--- SOURCE MATERIAL ---

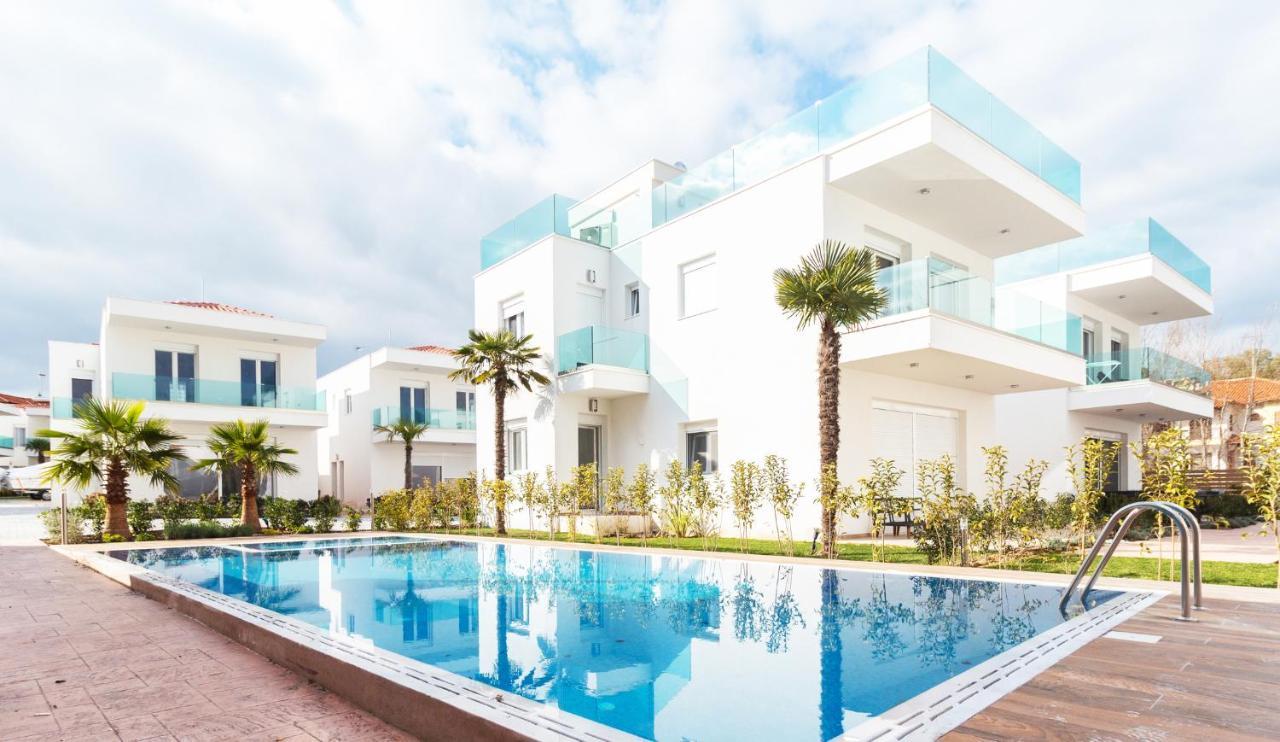 Acrotel Porto Brava Luxury Villas Ормос Пангиас Екстериор снимка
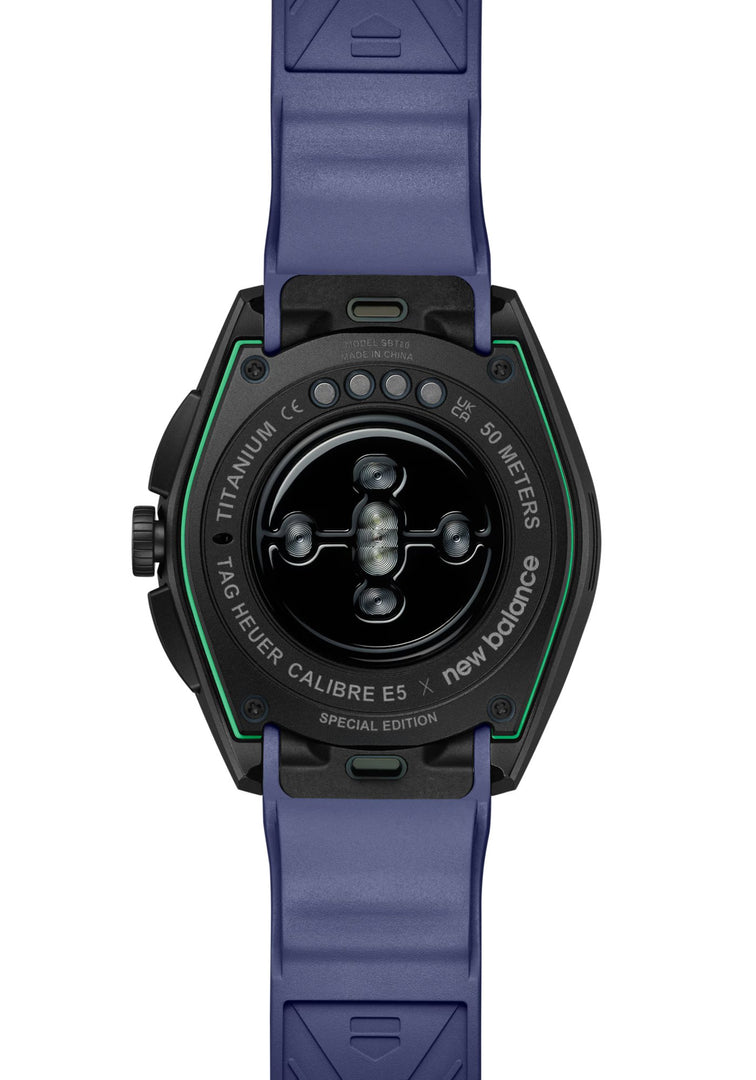 Relógio TAG Heuer Connected Calibre E5 x New Balance Edition 40mm SBT8082.EB0394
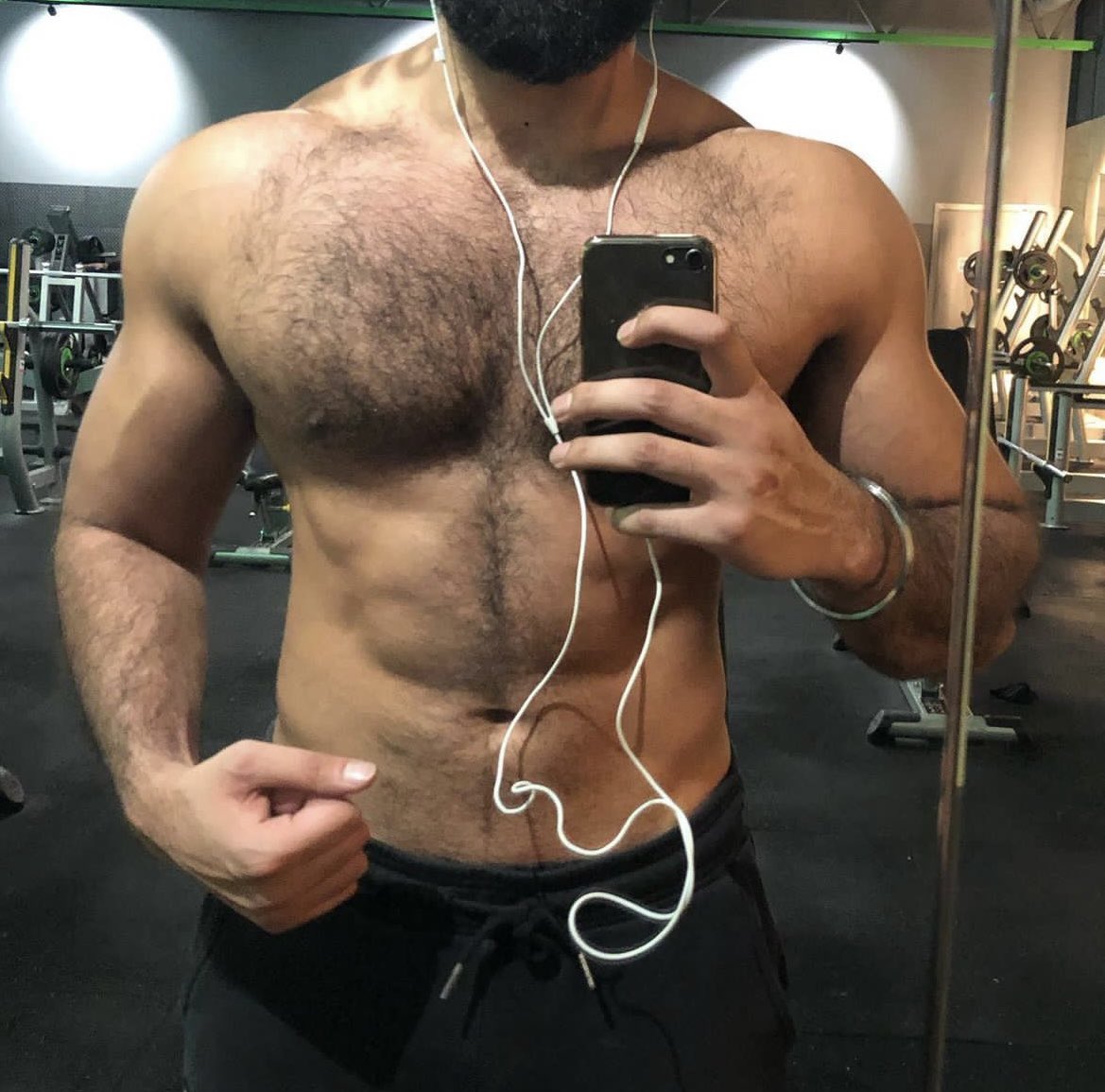 CashMasterPav's tweet photo. I’m at the gym getting stronger 💪🏽 Your pressing send getting weaker &amp; broker 🤑 Step up and make yourself useful you pathetic limp impotent faggots. Live vicariously through a real man 🇮🇳🇬🇧😈 https://t.co/2i2QtdurlF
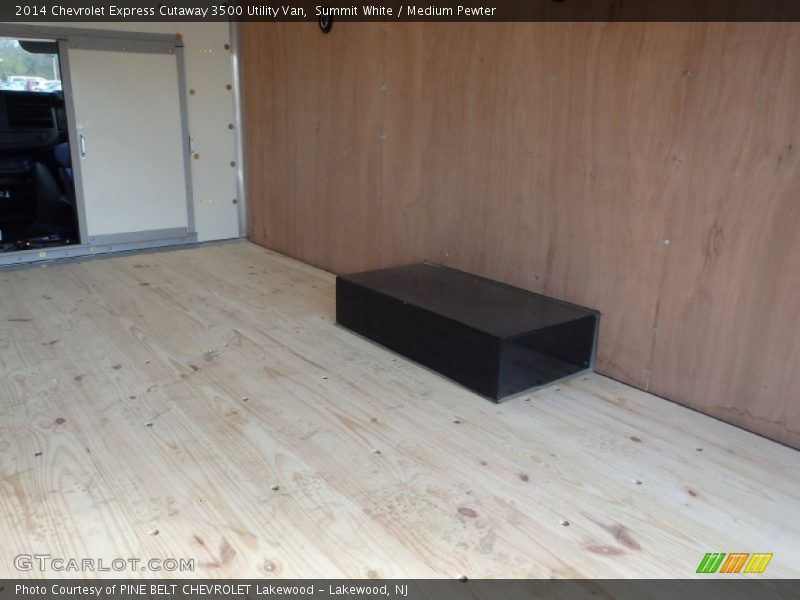 Summit White / Medium Pewter 2014 Chevrolet Express Cutaway 3500 Utility Van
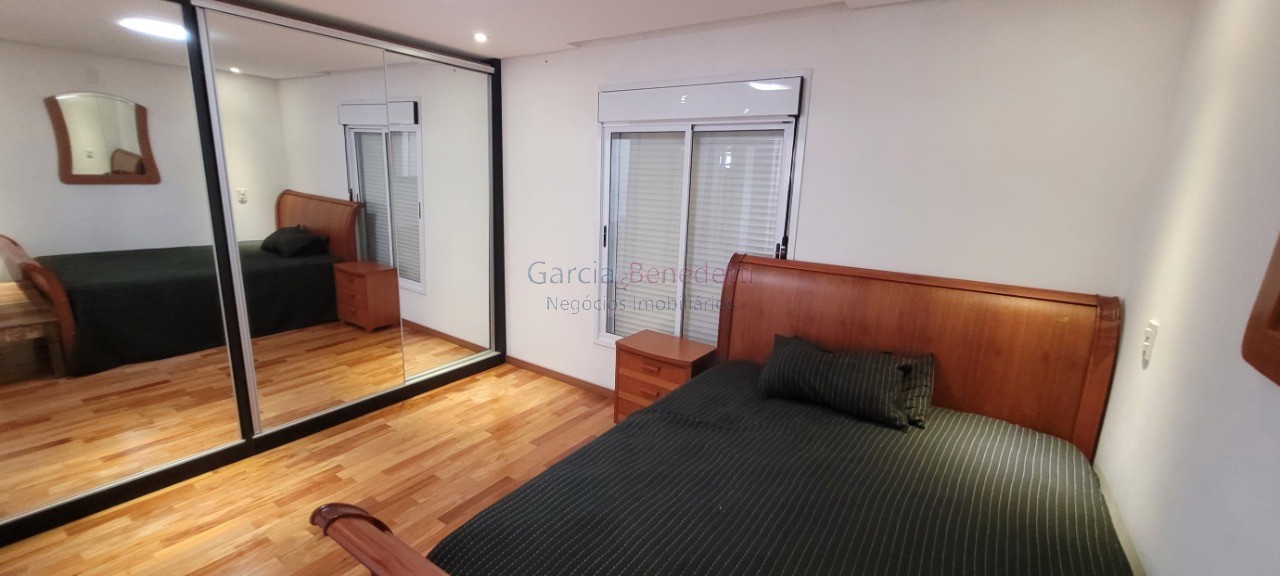 Casa de luxo em condomínio: 5 quartos, 4 suítes, 2 salas, 5 banheiros, 3 vagas em Jundiaí-SP, Jardim Ermida I - 184m²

---

Retyping should start at the first line of the data above and stop after the line with "Relógio TAG Heuer", and no picture should be included.

ANSWER TO THE PROBLEM:
 Acrotel Porto Brava Luxury Villas Ормос Пангиас Екстериор снимка
 Relógio TAG Heuer Connected Calibre E5 x New Balance Edition 40mm SBT8082.EB0394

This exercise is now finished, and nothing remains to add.